WHAT TO DO:
Please set down, unchanged, each line from the one with "Gig Preview - Setup" to the final line of the data below, both included. Drop the pictures.

Items listed in a dataset
++++++++++++++++++++

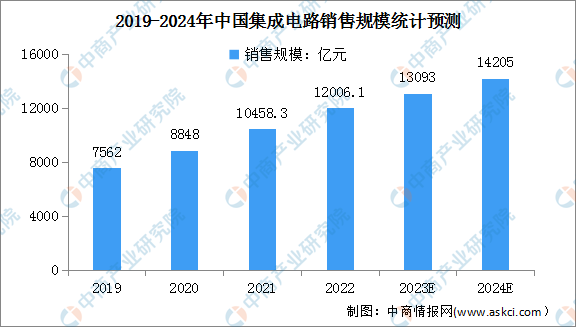 2024年中国集成电路市场现状及发展前景预测分析（图）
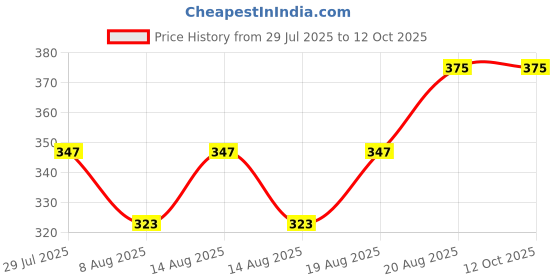 ajio.com probasic Women Printed Regular Fit Pyjama probasic Price History Graph from 29 Jul 2025 to 11 Oct 2025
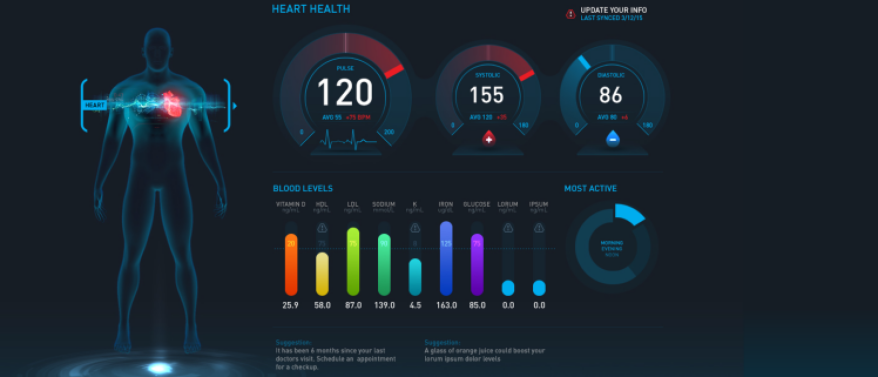 The Quantified Self - Using data & technology to accelerate sustainable performance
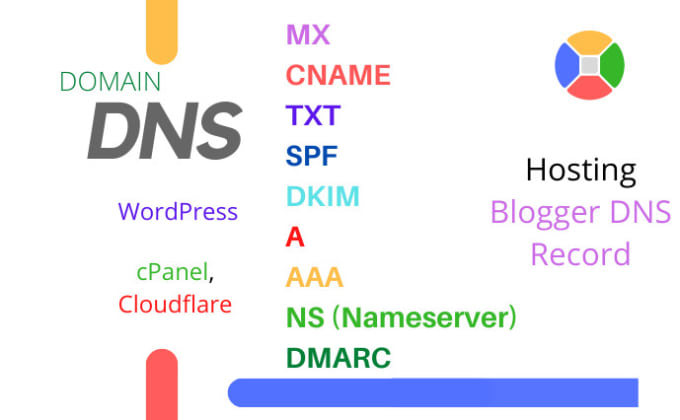 Gig Preview - Setup and fix any dns a, cname, txt, ns, mx, spf, dkim, dmarc records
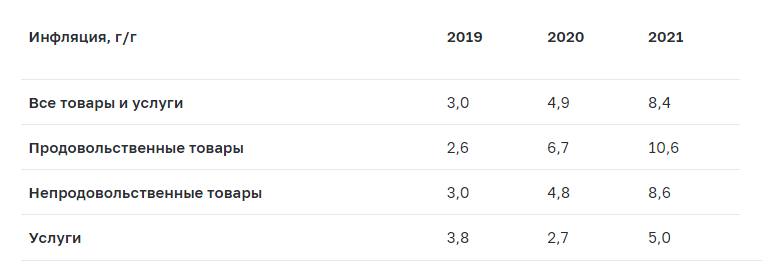 Продовольственная инфляция в России установила новый рекорд 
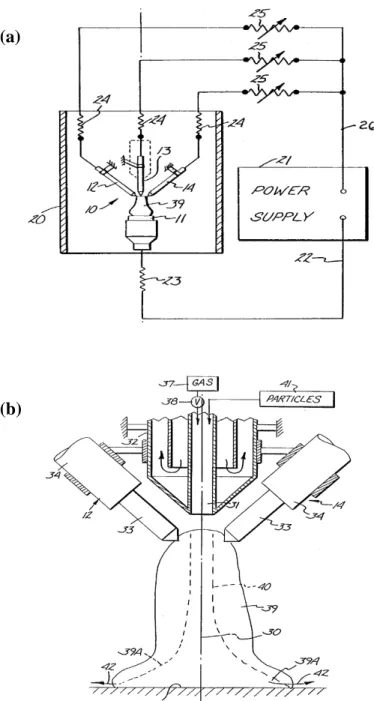 Figure I.13. Torche plasma multi-cathodes brevetée par E. Pfender et al. [48]: (a)  schéma du circuit électrique, (b) arrangement de la torche
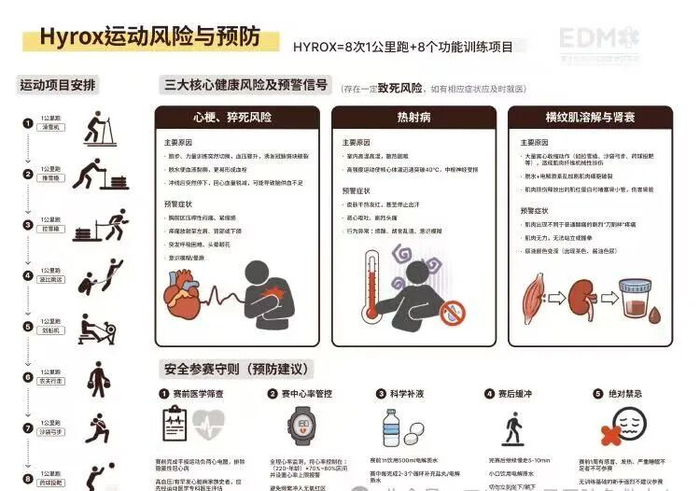 图源：四川省人民医院急救中心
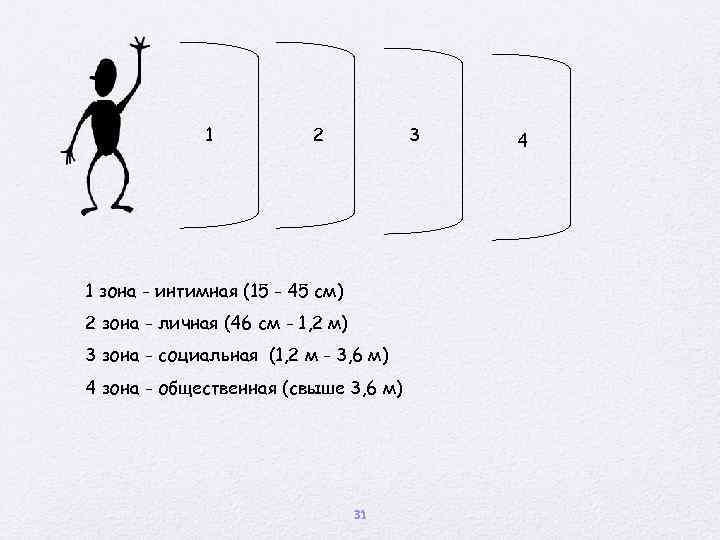 1 2 3 1 зона - интимная (15 - 45 см) 2 зона -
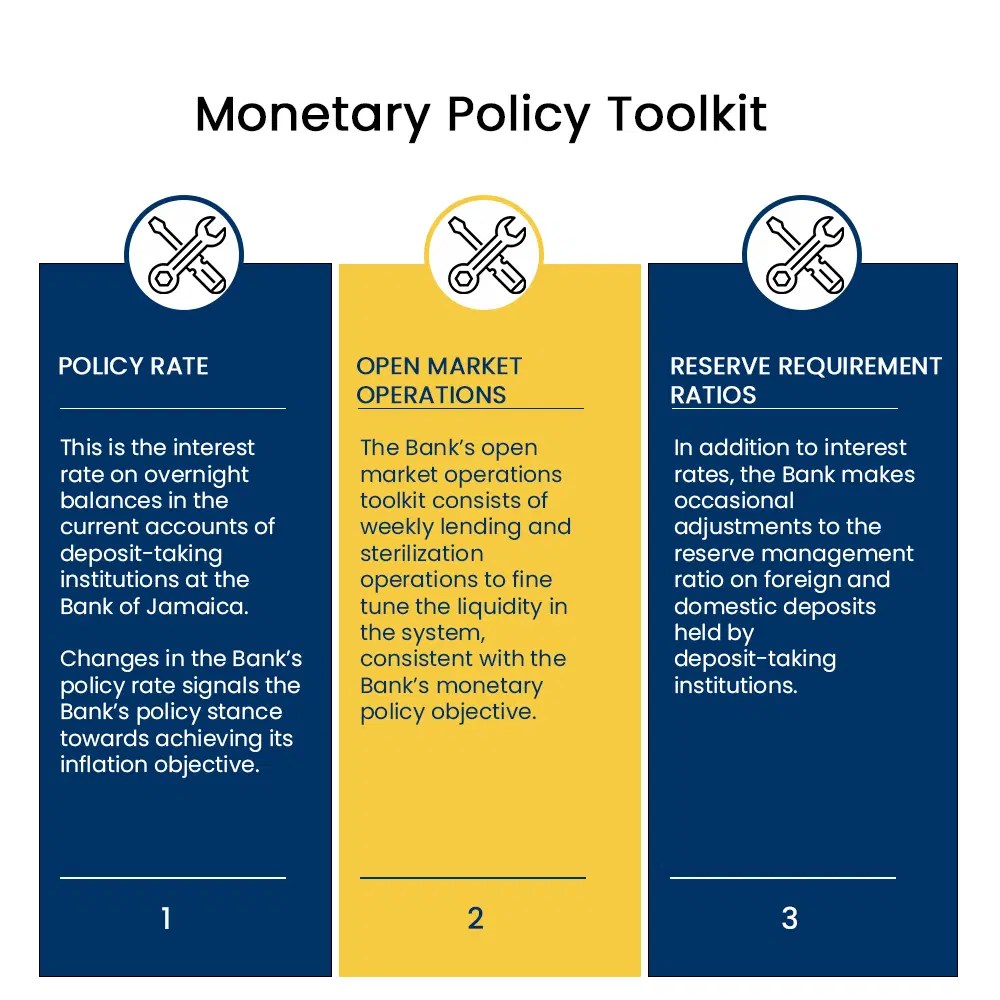 2 Important Monetary Policy Types And Instruments - Ocean Photos - Professional Desktop Collection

++++++++++++++++++++

ANSWER AREA:
 Gig Preview - Setup and fix any dns a, cname, txt, ns, mx, spf, dkim, dmarc records
 Продовольственная инфляция в России установила новый рекорд 
 Figure I.13. Torche plasma multi-cathodes brevetée par E. Pfender et al. [48]: (a)  schéma du circuit électrique, (b) arrangement de la torche
 图源：四川省人民医院急救中心
 1 2 3 1 зона - интимная (15 - 45 см) 2 зона -
 2 Important Monetary Policy Types And Instruments - Ocean Photos - Professional Desktop Collection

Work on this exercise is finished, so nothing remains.